Beware the Jubjub bird, and shun
The frumious -- This is copied. -- Bandersnatch!"
EOF
fprinter = Winnow::Fingerprinter.new(
guarantee_threshold: 13, noise_threshold: 9)
f1 = fprinter.fingerprints(str_a, source: "Stanza 1")
f2 = fprinter.fingerprints(str_b, source: "Stanza 2")
matches = Winnow::Matcher.find_matches(f1, f2)
# Because 'This is copied' is longer than the guarantee threshold, there might
# be a couple of matches found here. For the sake of brevity, let's only look at
# the first match found.
match = matches.first
# It's possible for the same key to appear in a document multiple times (e.g. if
# 'This is copied' appears more than once).

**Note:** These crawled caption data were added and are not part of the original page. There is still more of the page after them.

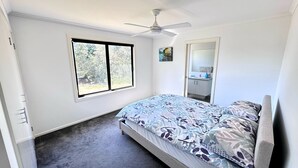 A bedroom with a bed, a ceiling fan, a window, and a bathroom visible through an open door. - Escape to Henry's Inlet Views, a picturesque holiday rental in the charming town of Venus Bay (Venus Bay)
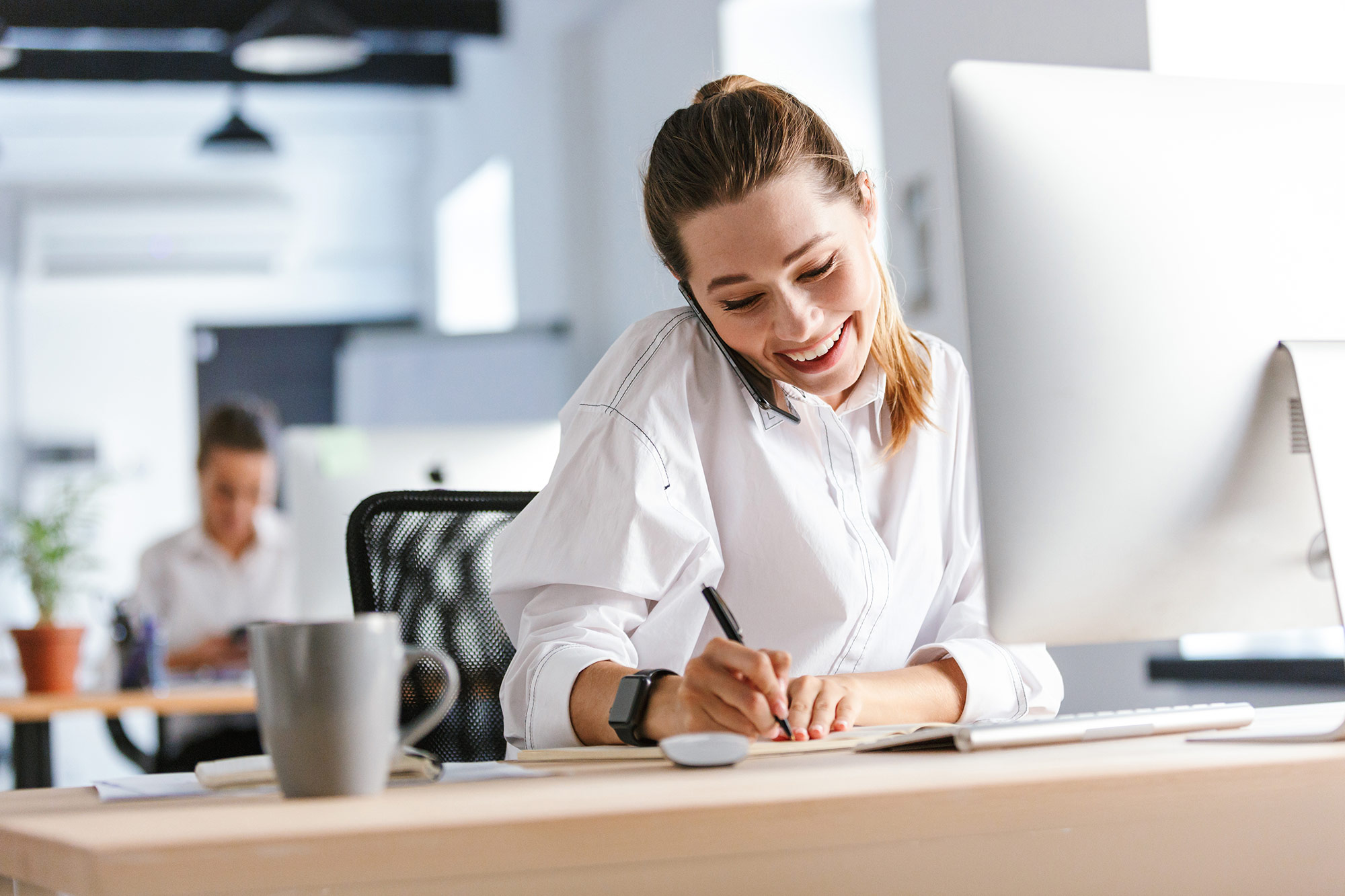 Eine lächelnde Frau telefoniert im Büro und macht gleichzeitig Notizen an ihrem Schreibtisch.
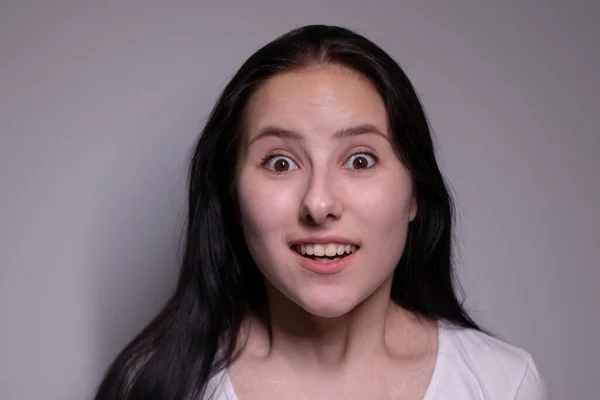 Mujer morena sorprendida, aislada sobre fondo gris. retrato de actriz feliz. emociones humanas, concepto de expresión facial —  Fotos de Stock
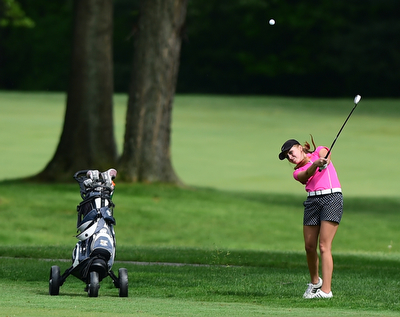 VIENNA, OHIO - MAY 17, 2015: Taylor Vassis of Vienna follows through on her approach shot on the 13th hole Sunday afternoon at Squaw Creek Country Club during the Vindy Greatest Golfer junior qualifier. (Photo by David Dermer/Youngstown Vindicator)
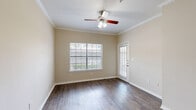 Located at 19800 Atascocita Shores Dr in Humble, TX, this single-floor residence offers a practical and comfortable layout designed to maximize every square foot. The living area features warm, wood-look hard flooring, neutral beige walls, crown molding, and a ceiling fan, creating a bright and inviting atmosphere with natural light filtering through the space.

The spacious primary bedroom is generously sized, finished with plush carpeting, a ceiling fan with light fixture, and a built-in desk or shelving nook beneath a large window — ideal for a workspace or reading area. The bedroom also provides direct access to a dedicated closet for ample storage.

The kitchen is efficiently designed, featuring light wood cabinetry, granite-style countertops, and white appliances including a refrigerator, electric range, and over-the-range microwave. Hard flooring carries through this functional space, making it easy to maintain.

A dedicated laundry area adds everyday convenience to the home. Throughout the residence, consistent neutral tones, white trim, and panel-style doors contribute to a clean, cohesive aesthetic. The thoughtful floor plan ensures a comfortable flow between all areas of this well-maintained Humble, TX home.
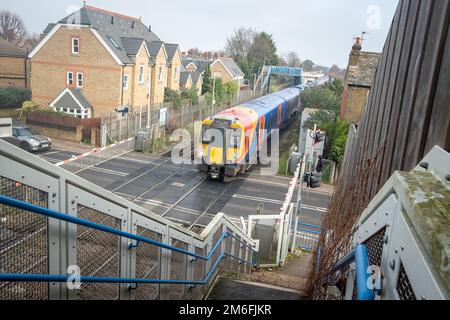 London - Dezember 2022: South Western Railway, der einen Bahnübergang im Gebiet Richmond im Südwesten Londons überquert Stockfoto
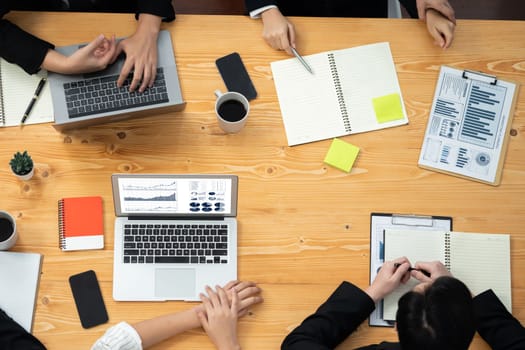 Top-view closeup business team of financial data analysis meeting with business intelligence, report paper and dashboard on laptop. Business group people working together in harmony office.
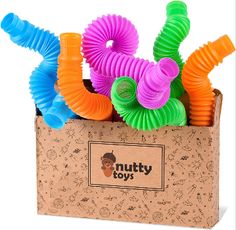 a box filled with assorted colorful plastic hair clips in front of a white background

Winnow::Matcher will return all
# matches from the same key in array.
#
# In this case, we know there's only one match (because 'This is copied' appears
# only once in each document), so let's only look at the first one.

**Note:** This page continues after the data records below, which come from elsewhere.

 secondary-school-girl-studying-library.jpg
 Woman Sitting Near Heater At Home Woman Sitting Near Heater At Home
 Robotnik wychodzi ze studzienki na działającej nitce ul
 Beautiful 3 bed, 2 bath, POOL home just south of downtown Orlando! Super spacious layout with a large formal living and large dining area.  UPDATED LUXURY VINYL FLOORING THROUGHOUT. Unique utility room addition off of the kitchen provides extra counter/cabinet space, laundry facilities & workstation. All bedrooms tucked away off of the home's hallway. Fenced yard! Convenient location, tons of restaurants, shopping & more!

match_a = match.matches_from_a.first
match_b = match.matches_from_b.first
p match_a.index, match_b.index # 71, 125
match_context_a = str_a[match_a.index - 10 .. match_a.index + 20]
match_context_b = str_b[match_b.index - 10 .. match_b.index + 20]
# Match from Stanza 1: "e wabe;\nThis is copied.\nAll mim"
puts "Match from #{match_a.source}: #{match_context_a.inspect}"
# Match from Stanza 2: "ious -- This is copied. -- Band"
puts "Match from #{match_b.source}: #{match_context_b.inspect}"
You may find that Matcher
doesn't handle your exact use-case. That's not a
problem. The built-in matcher.rb file
is only about 10 lines of code, so you could easily make your own.
💥 💣 A major caveat with String#hash
💣 💥
In order to avoid algorithmic complexity attacks, the value returned
from Ruby's String#hash
method changes every time you restart the
interpreter:
$ irb
2.0.0p353 :001 > "hello".hash
=> 482951767139383391
2.0.0p353 :002 > exit
$ irb
2.0.0p353 :001 > "hello".hash
=> 3216751850140847920
2.0.0p353 :002 > exit
(This is the case even if you're using JRuby.)
This means that although the winnowing algorithm should allow you to precalculate a document's fingerprints and store them somewhere, doing so in Ruby will not work unless you're careful to make sure you never restart your Ruby runtime.
A workaround
Winnow looks for the presence of a String#consistent_hash
method. If it finds
one, it'll call that rather than call String#hash
. You can therefore describe
your own hash function if you want to precalculate fingerprint data.
I've put together a super-simple (but effective) gem called consistent_hash that implements exactly this. It's about a dozen lines of MRI C code and it'll probably work for you as well.